Luis Fernández Molina
La catedral de San Basilio es, en mi opinión, la edificación histórica más primorosa que haya emergido del ingenio humano. Es como un gran pastel de fantasía con sus cúpulas de cebolla pintadas de diferentes colores. Tan extasiado quedó el Zar que terminada la obra ordenó cegar al arquitecto para que no se repitiera tan exquisita construcción; al menos eso dice la leyenda. Es claro que en arte –y la Arquitectura es una parte parte– las opiniones varían. Para algunos la obra más preciosa será el Taj Mahal, Neuschwanstein, la mezquita Azul, Versalles, la catedral de Colonia, Notre Dame, San Pedro, la Alhambra, etc.
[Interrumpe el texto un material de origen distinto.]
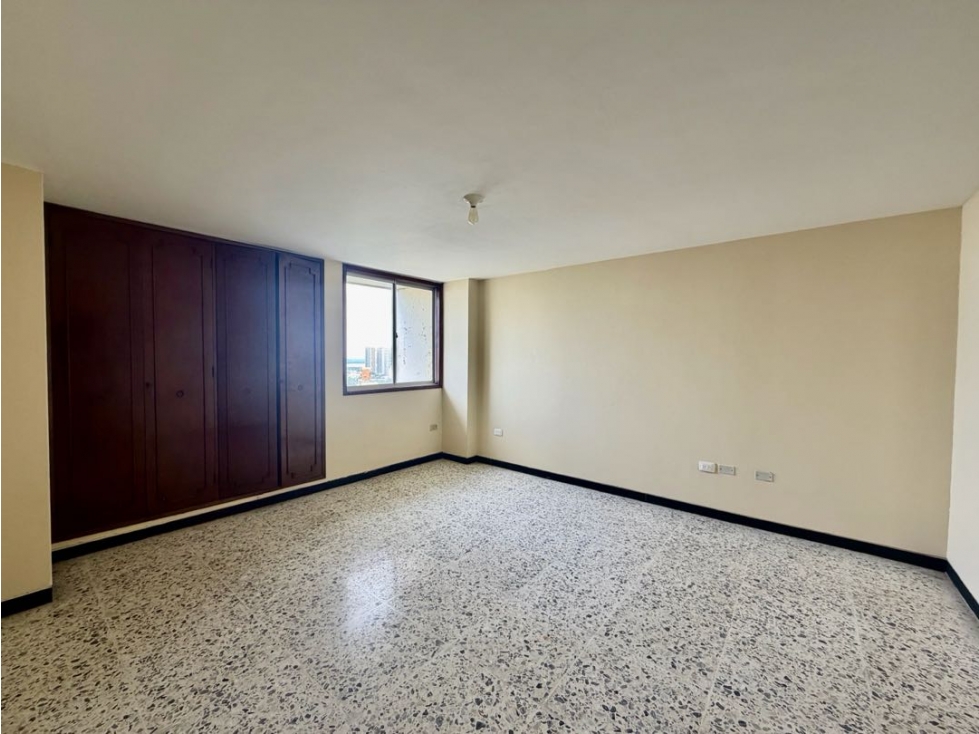 APARTAMENTO DE 170 M EN VENTA EN EL VIEJO PRADO ! — foto 6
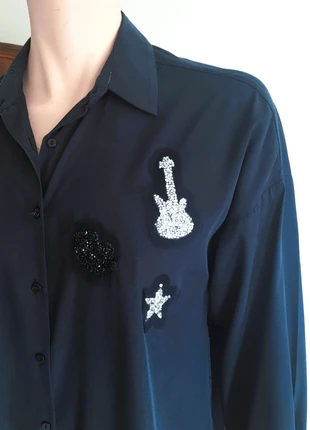 Zara blouse XS met glinsterende applicaties, merk: Zara, staat: Heel goed, maat: XS / 34 / 6, € 8,50, € 9,63 inclusief Kopersbescherming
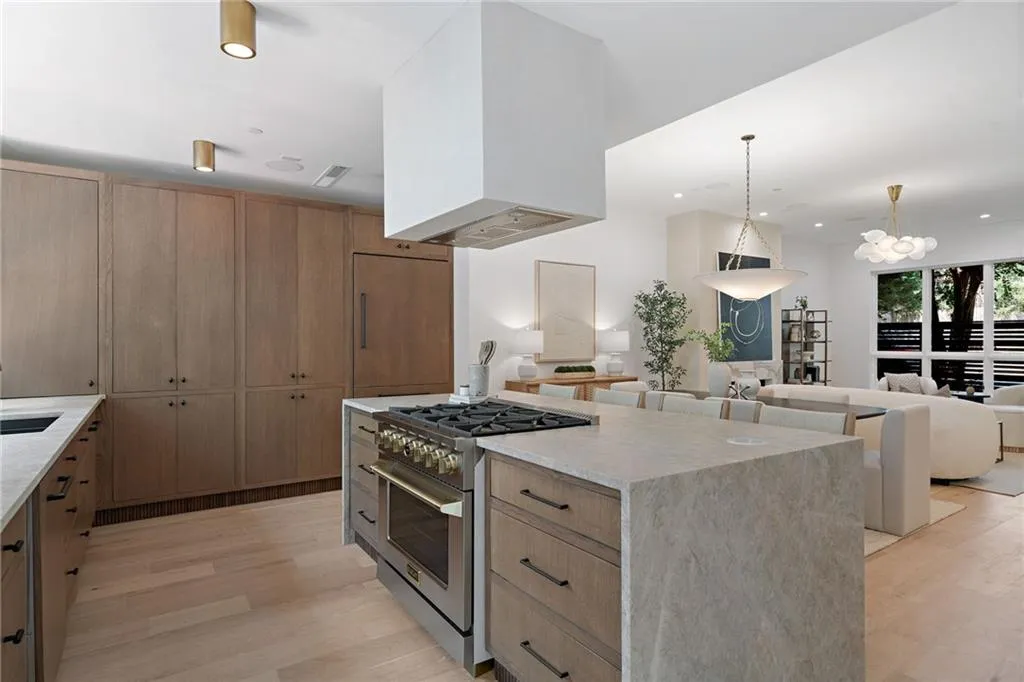 1204 Piedmont Avenue Ne Unit 2, Atlanta, Georgia 30309, 3 Bedrooms Bedrooms, ,3 BathroomsBathrooms,Residential,For Sale,1204 Piedmont Avenue Ne Unit 2,7633960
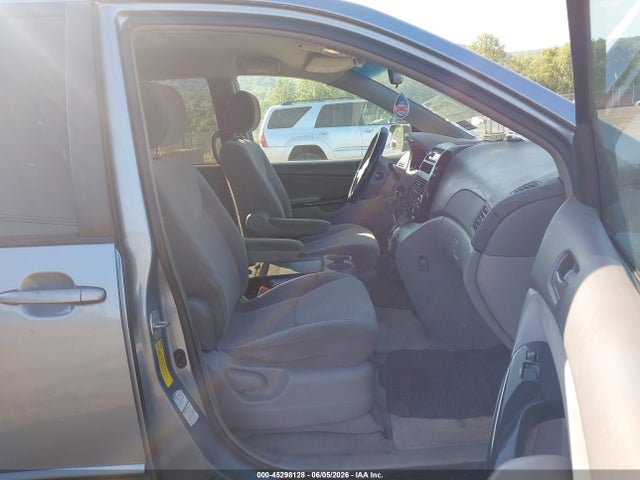 Toyota Sienna Le
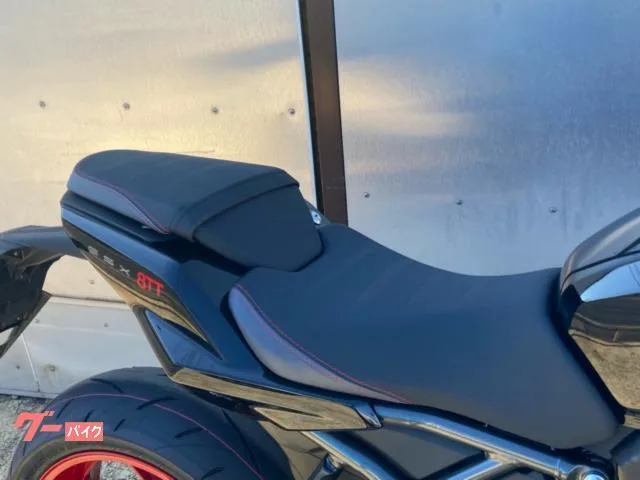 Suzuki GSX-8TT ABS USB 2026 — миниатюра 3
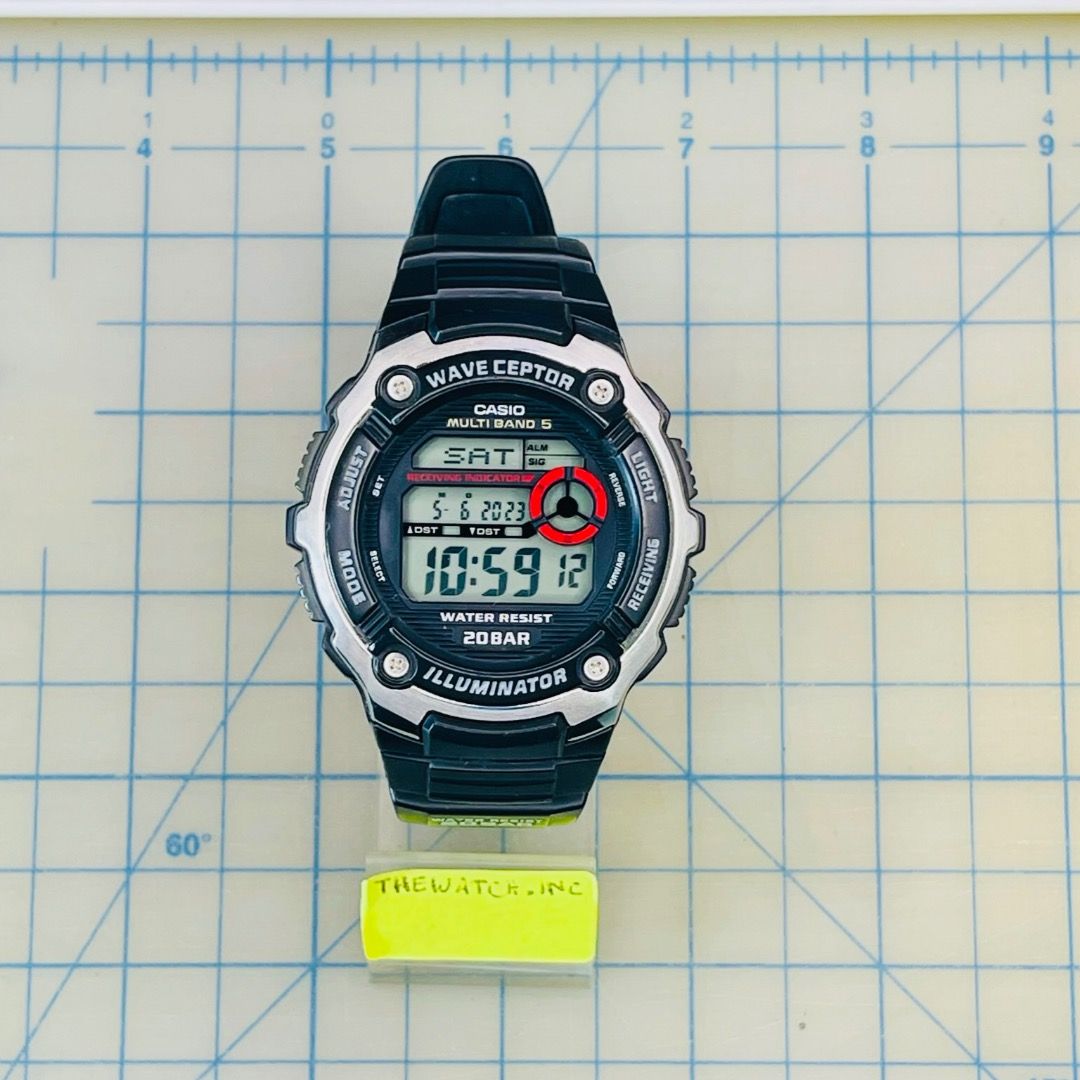CASIO WV M200 WAVE CEPTOR ALARM CHRONO WATER RESISTANT 20BAR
La citada San Basilio está en Moscú y cualquiera pensaría que dicha construcción es la expresión física de un orden cultural de primer nivel, de un sistema social armonioso, de un régimen abierto a las ideas novedosas. Pero no. Lo mandó a construir el citado Zar de nombre Iván que, como todos los zares eran autócratas rígidos que llegaron a extremos de tiranía, pero el que nos ocupa habrá hecho méritos adicionales para que la Historia lo tenga registrado como “Iván el Terrible”. Eso ya es mucho decir.
Hoy día se reconoce a Rusia como una gran potencia y ciertamente lo ha sido en el último siglo y medio. Pero los avances de Rusia no se han ido deslizando, evolucionando, como ha sido el progreso en las naciones de Occidente. Rusia ha avanzado en base a “rempujones” que fueron dando algunos gobernantes destacados. No germinaron gobiernos liberales sino férreas dictaduras que exprimieron a su población, muy sufrida y estoica, para que Rusia se “pusiera a la par” de los países de Europa. A grandes rasgos la actual conformación de Rusia se debe al empeño de Pedro I, un gobernante resoluto, tenaz, inclemente, que con puño de hierro impuso el orden en las extensas estepas rusas y levantó un imperio. Bien llamado ”El Grande” pero no solo porque medía 2.03 metros. Para equipararse a las ciudades europeas hizo construir la ciudad que lleva su nombre a un costo material insospechado y un precio inconmensurable de vidas humanas. El sitio de la construcción eran inhóspitos pantanos y marismas congeladas que por lo mismo estaban abandonados. Pero ello no importó: era la orden del temible Zar. Pedro I levantó el imperio en las primeras décadas del siglo XVIII y pocas décadas después consolidó dicho imperio otro grande: la zarina Catalina, también “La Grande”. En el siglo XIX siguió el régimen zarista que se basaba en la lealtad de los grandes terratenientes (boyardos) que tenían a los campesinos y pobladores en calidad de esclavos. La tendencia fue siempre de copiar la tecnología alemana e inglesa, así como la etiqueta francesa; por el contrario ningún país de Europa quiso alguna vez “rusificarse”. La servidumbre fue abolida hasta 1862 por el zar Alejandro II. Mientras tanto, en Francia ya se habían instalado las reformas populares de la Revolución, en el Reino Unido se discutían las ideas políticas en el Parlamento, en Estados Unidos se sorprendían de los beneficios del sistema democrático que habían instalado. Hasta la América Latina experimentaba en sus infructuosos intentos de conformar democracias sólidas. Rusia seguía en el permafrost.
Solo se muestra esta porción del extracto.